A significant breakthrough was made in terms of cross-party support for the Finance Ministry’s draft legislation known as the “multi-bill”. The draft law paves the way for a number of economic reforms including: the liberalisation of several closed professions; the merging of numerous state bodies; and providing better payment terms for individuals and companies that owe money to the state.

New Democracy said on Thursday that it would back the legislation when it is voted on in parliament on principle, although it might object to some articles. Finance Minister Evangelos Venizelos said that the bill would have to pass through Parliament by Thursday before Greece resumes negotiations with the troika on further financing of at least 130 billion euros to stave off bankruptcy.

“The country has to adopt a number of urgent measures so that it can meet its responsibilities,” he said. New Democracy MP Costis Hatzidakis said that his party had a duty to back the legislation despite doubts about some aspects. “The highest law for us at this crucial juncture is for the country to be able to stand on its feet until we settle the outstanding economic issues,” he said.

The cabinet approved another key piece of legislation on Thursday. The draft law aims to improve the entrepreneurial environment in Greece by allowing the creation of free trade zones, which permits the transfer and handling of goods in certain areas without the intervention of customs authorities. The government hopes that this will help local exporters and will attract investment from foreign logistics companies.
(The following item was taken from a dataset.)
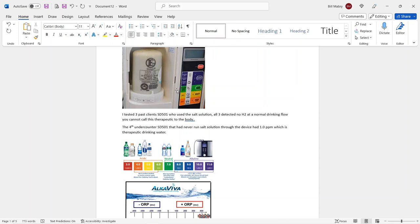And so I thought it was interesting that these three machines had ran this salt solution through it. So then I went ahead and tested another client's under the counter SD501. And they never ran a solution through it. That device tested a large amount of concentration of H2. Then I got some science that explained why, and I'll go over that in a minute.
The draft law also contains provisions for a reduction in the amount of paperwork businesses need to obtain operating licenses. Specifically, it makes it illegal for public servants to demand the same documents that have already been submitted to another government department. The bill also reduces the size of an investment needed for it to qualify for the fast-track process. Previously, it was 200 million euros but this is being brought down to 100 million.